Let’s turn back now to the text that laid hold on me for this Sunday, John 18:37.
Here, several hours before his death, Jesus makes a statement about his birth which I want us to ponder.
Jesus and Pontius Pilate are together in the Roman praetorium, and Pilate is trying to get Jesus to say something that will show him worthy of crucifixion.
Backup to Verse 33 where Pilate asks: /"Are you the king of the Jews?" /Jesus' answer to this question is what hooked me on this text.
Now look at verse 36 and 37. Jesus says:
/"My kingship is not of this world; if my kingship were of this world, my servants would fight that I might not be handed over to the Jews; but my kingship is not from the world."

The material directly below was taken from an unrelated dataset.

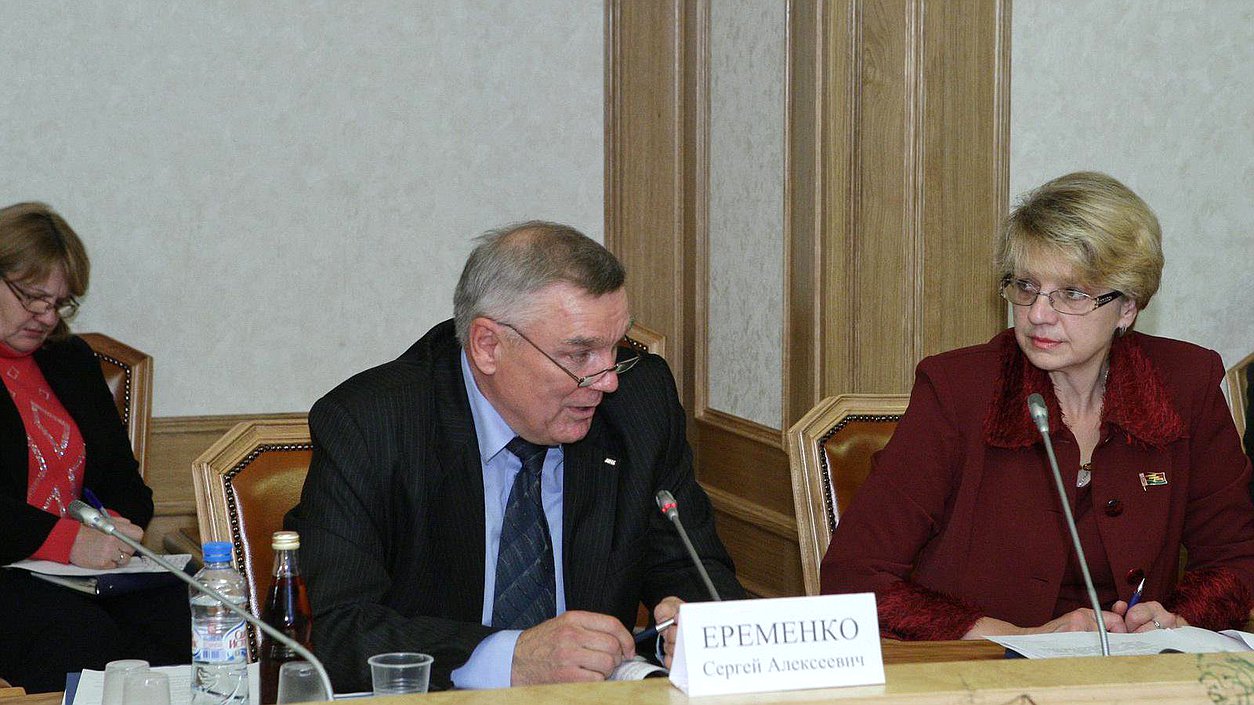 Заседание Комиссии Парламентского Собрания Союза Беларуси и России по законодательству и регламенту.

Pilate said to him, "So you are a king?" Jesus answered, "You say that I am a king.
For this I was born, and for this I have come into the world, to bear witness to the truth.

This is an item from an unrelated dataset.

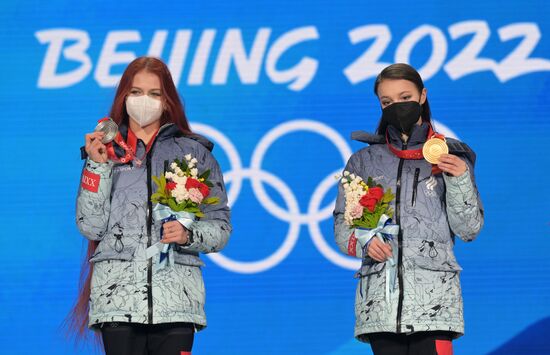 China Olympics 2022 Medal Ceremony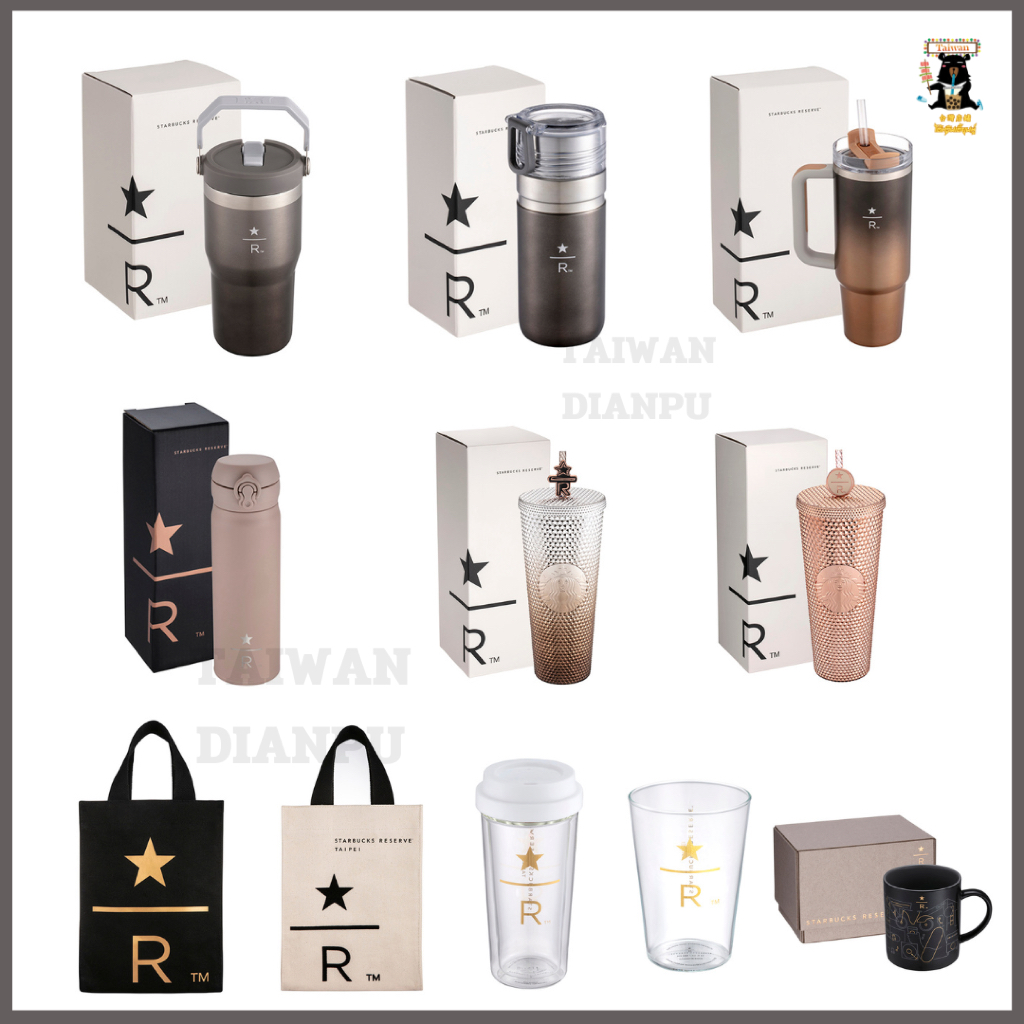 🇹🇼Starbucks Taiwan🇼🇸  DREAM PLAZA✨ Exclusive Store ONLY in Taiwan✨ สตาร์บัคส์ไต้หวัน แก้วstanley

Everyone who is of the truth hears my voice."/
This would be a great Christmas text even though it comes from the end of Jesus' life on earth, not the beginning.
The uniqueness of his birth is implied; the purpose of his birth is given; and the pre-condition of that purpose is mentioned.
The uniqueness of his birth is that he did not originate at his birth.
He existed before he was born in a manger./
/The purpose of his birth was to bear witness to the truth: /"For this I was born, and for this I have come into the world: to bear witness to the truth."/
And the precondition of that purpose, the thing that enables you and I to agree that Jesus testifies to the truth is that you and I are "of the truth."
/"Everyone who is of the truth hears my voice."/
Let's look at each of these three: His uniqueness, His purpose, and the precondition more closely now.
First then, the uniqueness of his birth.
"/For this I was born, and for this I have come into the world."/
The personhood, the character, the personality of Jesus of Nazareth existed before the man Jesus of Nazareth was born.
There is a great mystery here.
Sometimes in quiet pensive moments, I look at my children and observe their uniqueness and their personalities, and then I would think of a time when they never existed.
Do you ever reflect on the great mystery of where your children’s spirits came from?
Before conception, there was no child, no spirit; and then, in the womb God gave them a spirit.
Or did you think, you did?
We know how flesh and blood grows by cell replication.
We can watch this miracle happen under a microscope.
But no one has ever seen a spirit being grown, your soul being grown.
The souls your children have will go right on existing when their bodies decompose in the grave.
Once they were not, but now they are and will be forever and ever.
All I know is that God created the personhood, the souls of my children, out of nothing because I know we can’t create souls.
This is a great mystery.
So often we think we created our children, don’t we?
But this is not what happened at Jesus' birth.
The theological word to describe this mystery is not creation, but incarnation.
The person, not the body, but the essential personhood of Jesus existed before he was born as a man.
His birth was not a coming into being of a new soul, but a coming into the world of an infinitely old soul.
Micah 5:2 puts it like this, 700 years before Jesus was born:
/But you, O Bethlehem Ephrathah, who are little to be among the clans of Judah, from you shall come forth for me one who is to be ruler in Israel, whose origin is from of old, from ancient days./
The origin of the Messiah who appeared in Bethlehem is from eternity.
Therefore, the mystery of the birth of Jesus is not merely that he was born of a virgin.
That miracle was intended by God to witness to an even greater miracle —namely, that the child born at Christmas was a person who existed “from ancient days."
He was not merely born, as John 18:37 says; he came into the world.
Listen to how Jesus puts it in John 8:56–59.
He says to the Jews:
/"Your father Abraham rejoiced that he was to see my day; he saw it and was glad."
The Jews then said to him, "You are not fifty years old, and have you seen Abraham?" Jesus said to them, "Truly, truly, I say to you, before Abraham was, I am." /So they took up stones to throw at him.
Why? Jesus said He was God – the great I AM of Exodus 3:14 /"Truly, truly, I say to you, before Abraham was, I am."/
Christ was before Abraham, indeed before all creation.